Learners who hitchhike expose themselves to dangerous situations and parents are not aware that children rather save their transport money and hitchhike.

SIR John Adamson School principal, Michael Meyers, encourages learners from all schools in the South, to refrain from hitchhiking from one point to another in order to get home.

Three learners from a school in the South allegedly got into a vehicle on Wednesday, November 25. Unfortunately the vehicle was involved in an accident which saw the learners hospitalised. The learners missed their exam the following morning. It is these kinds of unfortunate situations Meyers wants parents to work together to avoid from happening again.

According to Meyers, many learners deceive their parents into giving them transport money, which they use elsewhere, and then depend on hitchhiking to get home. The principal fears that something terrible might happen to a learner who hitchhikes. Every year he also writes letters to parents to encourage them to make sure they are aware of how their children travel from home to school every day.

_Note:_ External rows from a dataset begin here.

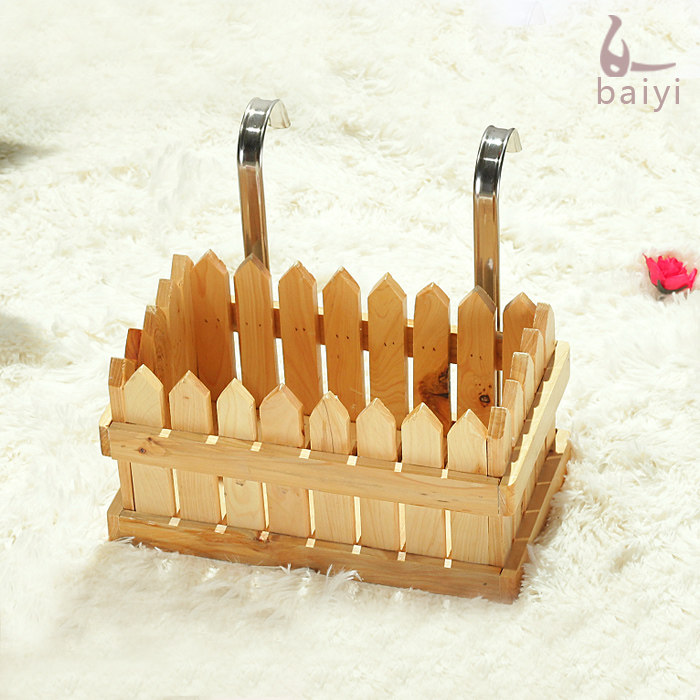 Beri wood barrel bath tub Bath Tub Accessories Hanging Basket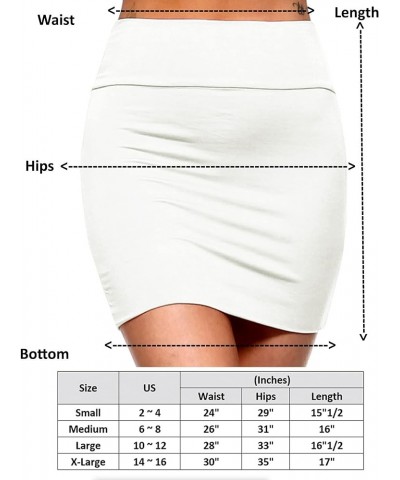 Women's Casual Rayon Stretchy Bodycon Pencil Mini Skirt Ks01-avocado $10.25 Skirts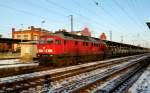 Am 22.01.2016 kam die 233 321-9 von der DB aus Richtung Magdeburg nach Stendal und fuhr weiter in Richtung Hannover .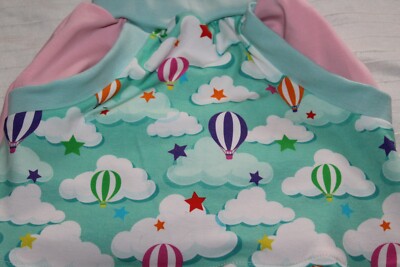Rock mit Taschen-handmade-Lümmelrock-Neu-in den Wolken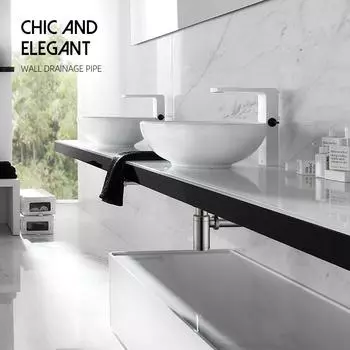 Сифон для раковины, сантехнический сифон P-Trap, роскошный, матовый, золотой, высококачественный, латунный, евро, сифон для раковины, сифон для ванной комнаты, современный стиль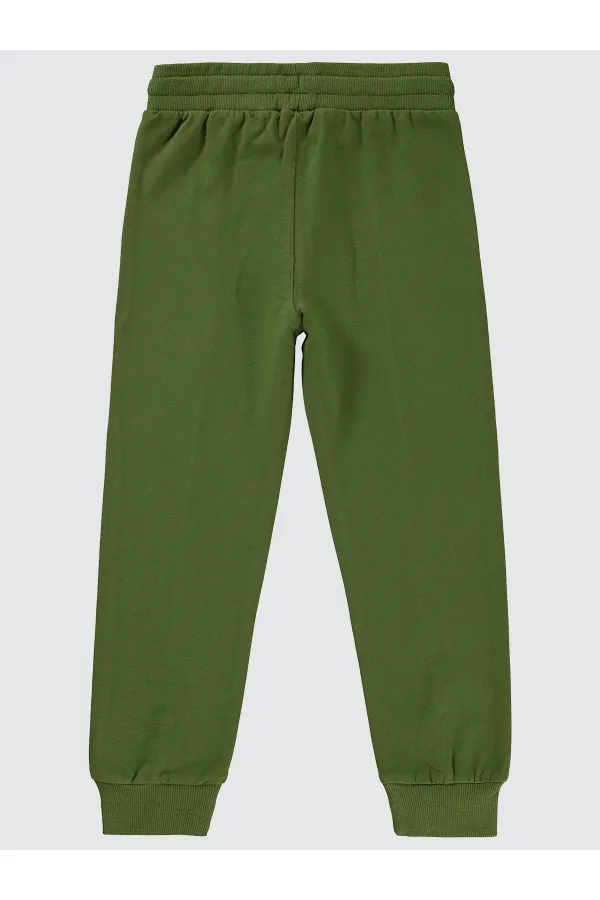 Bas de survêtement garçon 10-13 ans kaki - Lot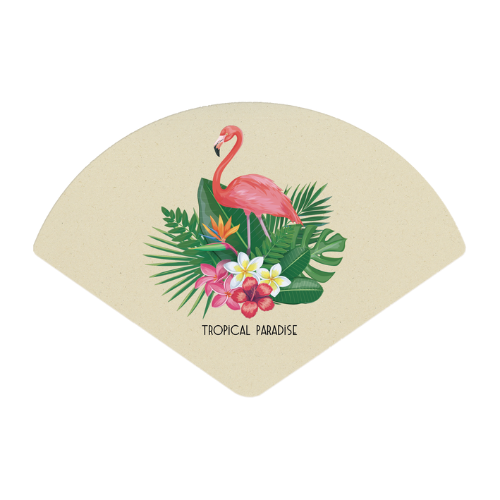 Eventail en canne à sucre - Made In France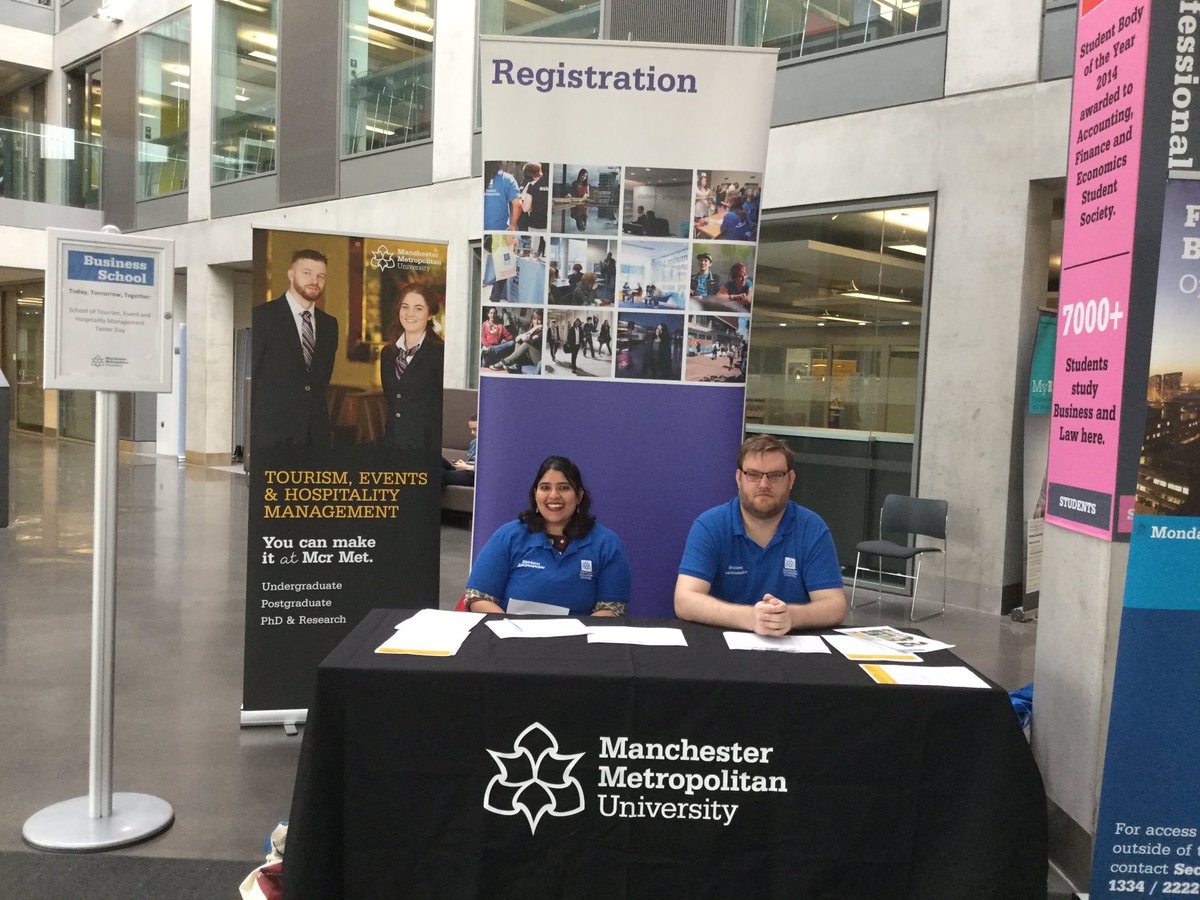 ManMetOutreach's tweet photo. We're ready to welcome students onto our campus for our #STEHM taster day! #tourism #events #hospitality https://t.co/1JeXcPsqp2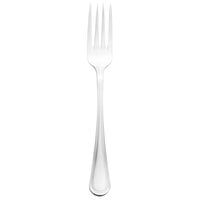 Walco 71051 Marcie 8 11/16 inch 18/0 Stainless Steel Heavy Weight Long European Table Fork   - 12/Case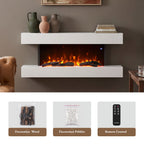 52 Inch Iron Frame Electric Fireplace Suite with WiFi App and Remote Control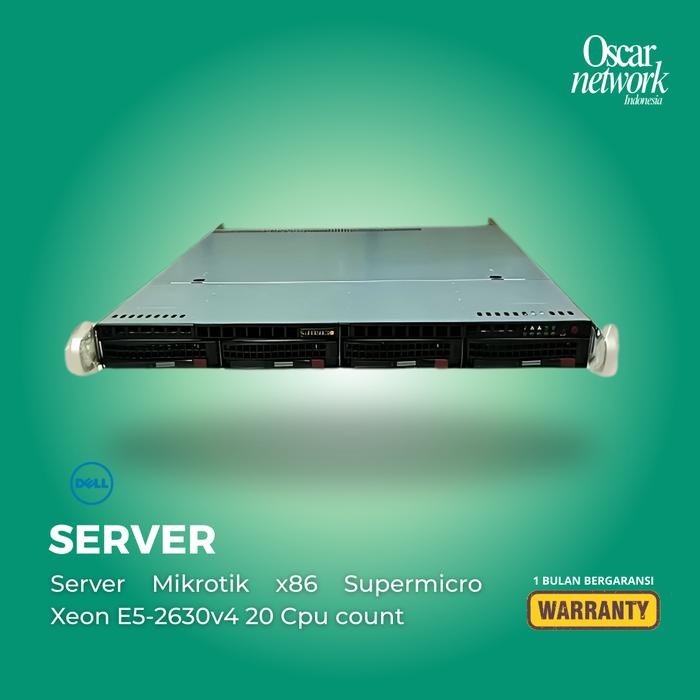 Server Mikrotik x86 Supermicro Xeon E5-2630v4 20 Cpu count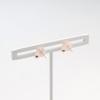 ESTELLE [Official] [Web Exclusive] Women's Earrings, 10K Pink Gold with Rose Quartz, 0222-8666-0019-0000
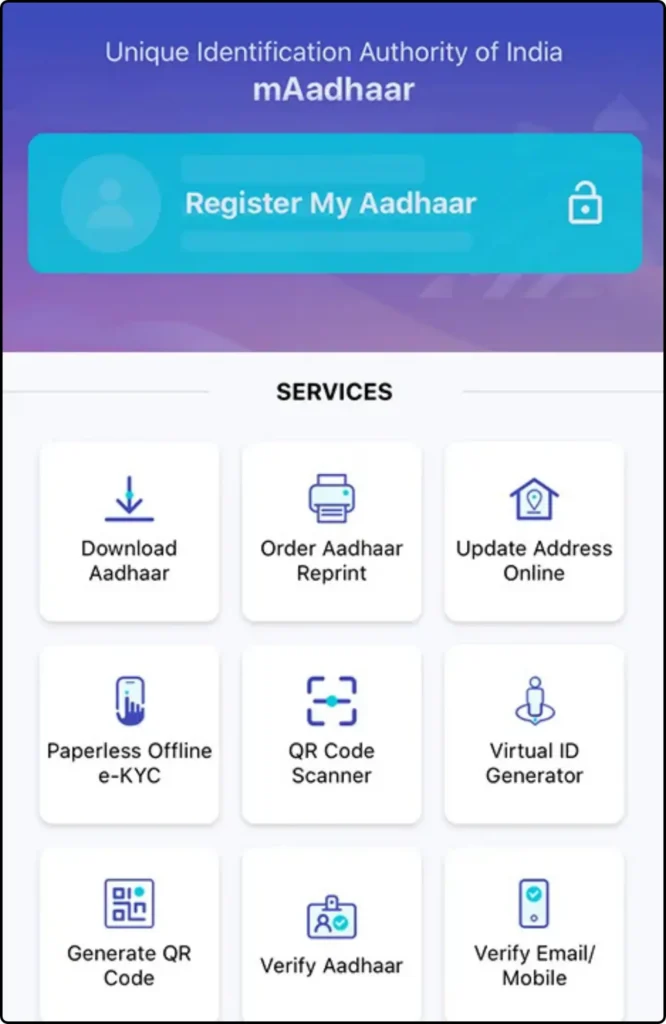 mAadhaar App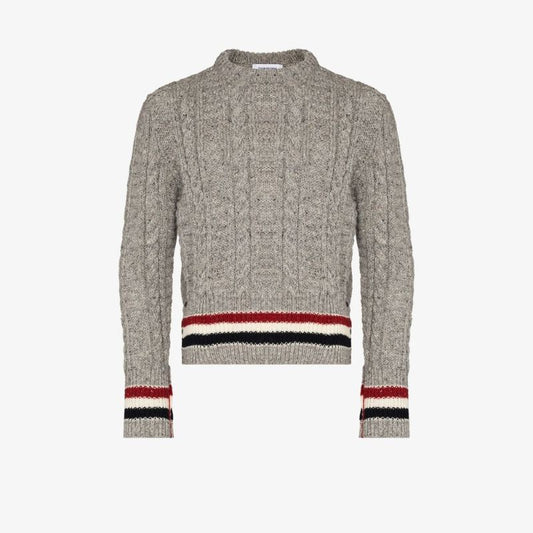 Donegal Rwb Knit Sweater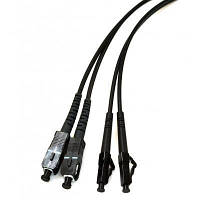 Оптический патчкорд SC/UPC-LC/UPC MM (OM3) Duplex, Black, 20m CMS (UPC-20SCLC(MM)D(ON)BK) ASN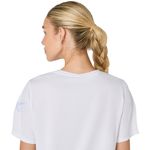 Polo ASICS Icon Ss Top Brilliant White Mujer - 5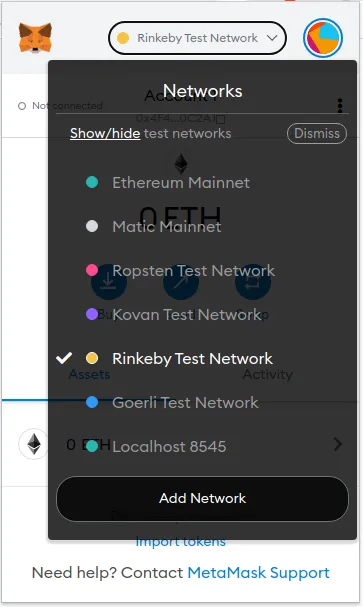 Metamask Rinkeby Network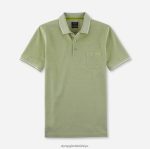 Giyim OLYMP gündelik modern kesim, polo, limon PL4DLH2178
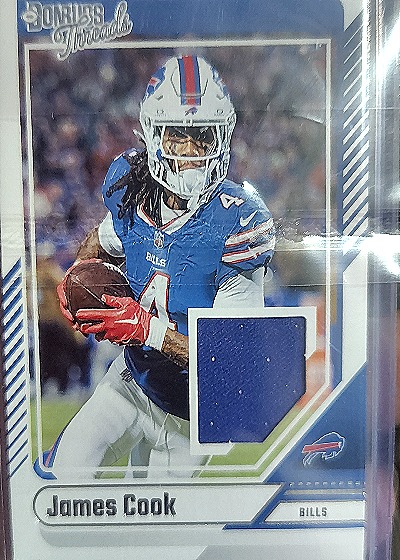 2024 Panini Donruss Threads #DTH-JCO James Cook — front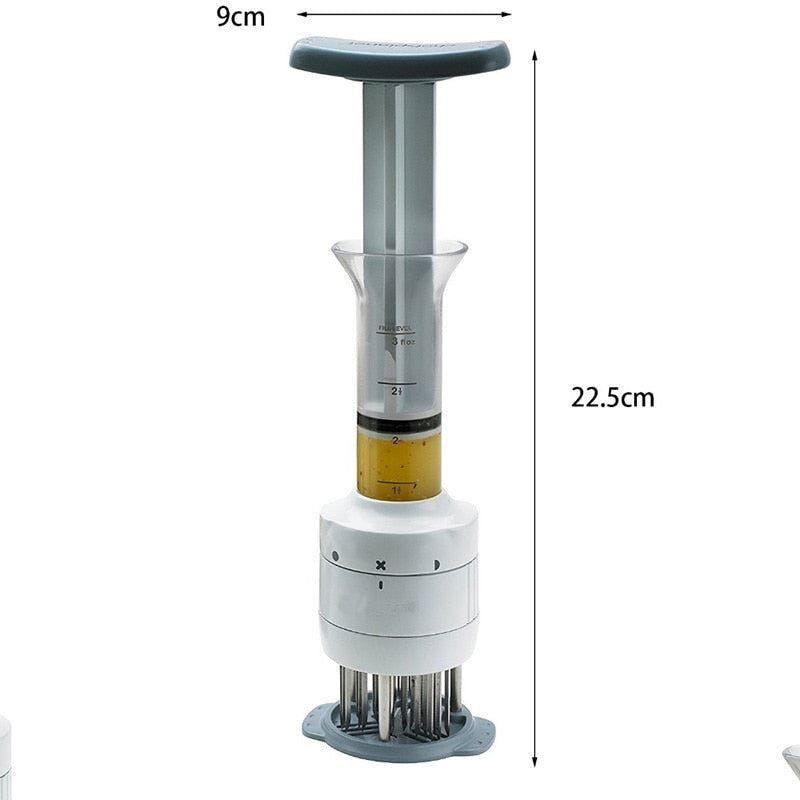 Meat Tenderizer & Marinade Injector Barbecue Seasoning Sauce Injectors Ki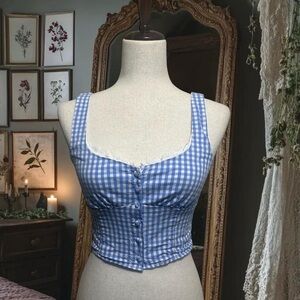 Thirty-thirty cottagecore peplum top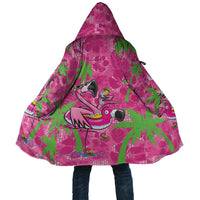 Aloha Hawaii Christmas Cloak Mele Kalikimaka Chill Flamingo Palaka Quilt Motifs LT14 Unisex Pink - Polynesian Pride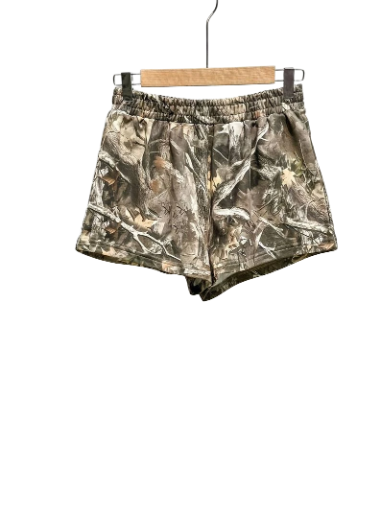 Ladies Camouflage Print Shorts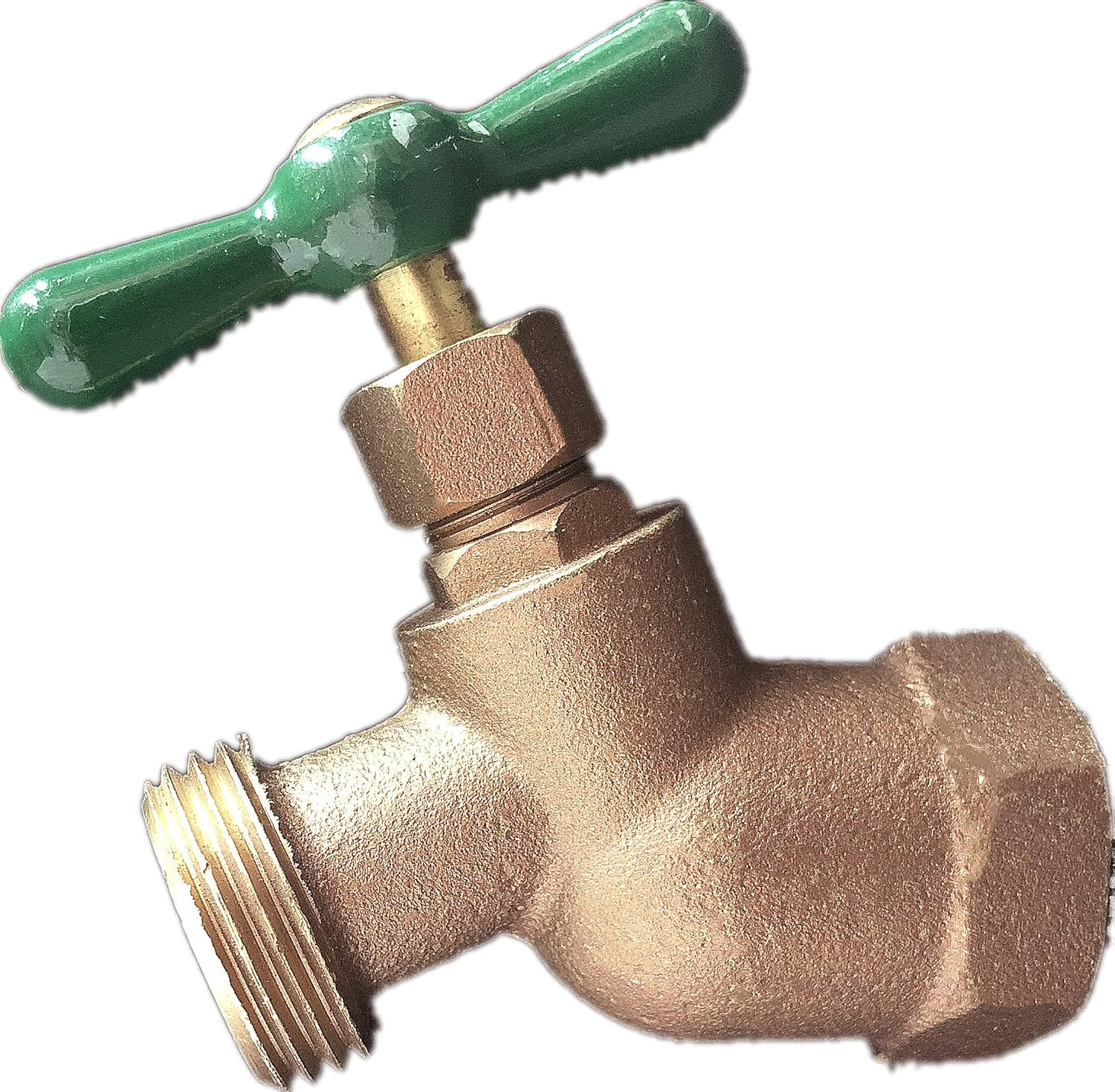 EZ-Fluid EZHBF12-1W, 1/2 in Brass 3/4 in Valve
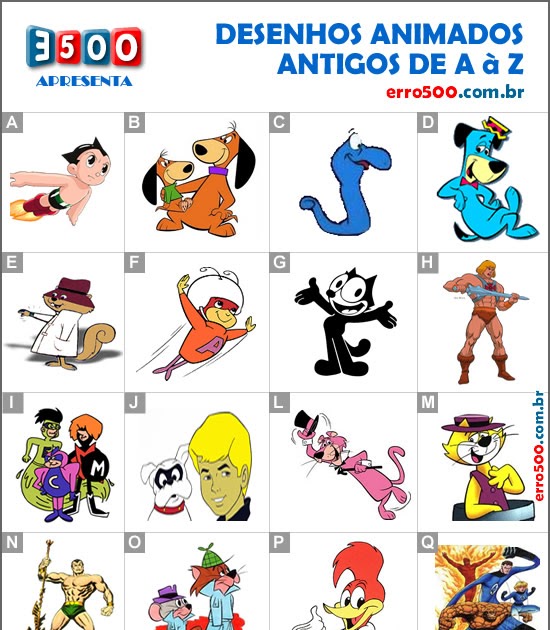 erro 500 o seu blog não predileto desenhos animados antigos de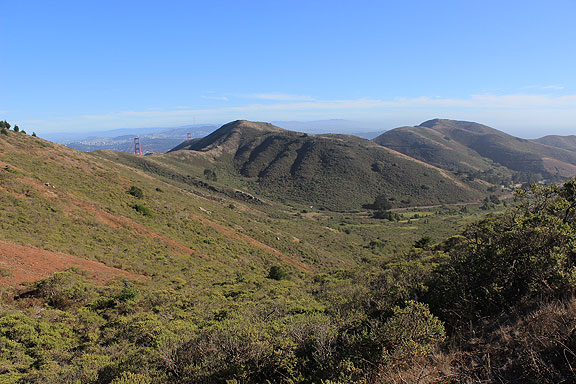 Gerbode Valley from just north of the Golden Gate...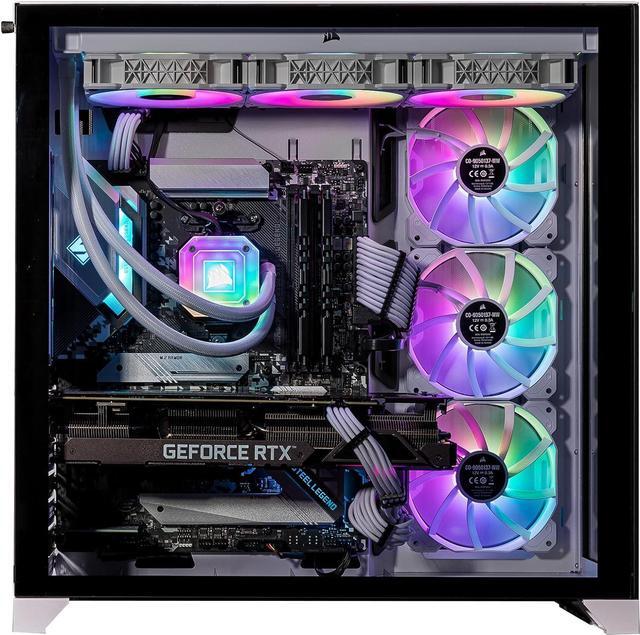 Alt view image 3 of 7 - Velztorm Lux CTO Gaming Desktop PC Liquid-Cooled (AMD Ryzen 9 5950X 16-Core, GeForce RTX 3050 8GB, 16GB DDR4, 128GB m.2 SATA SSD + 1TB HDD (3.5), AC WiFi, 360mm AIO, RGB Fans, 1000W PSU, Win 10 Home)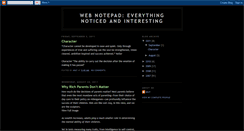 Desktop Screenshot of miltmatters.blogspot.com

“These learners already know my vehicle. They run as soon as they see me approach. I am hoping that parents join in and all motorists refrain from lifting these learners. I have seen learners jump on the back of moving bakkies and trucks. My biggest fear is a parent going to a school to inform a teacher or principal that their child did not come back home yesterday,” Meyers said.

The COURIER has forged a partnership with the principal to see learners’ hitchhiking behavior discouraged as soon as the schools re-open.

Meyers encourages parents and anyone who can help to join in and prevent learners from hitchhiking. The partnership will also discourage school transport drivers who overload their seats with learners just to maximise profit, and those drivers who play loud music in their vehicles while they drive learners to school as it disrupts learners from learning early in the morning.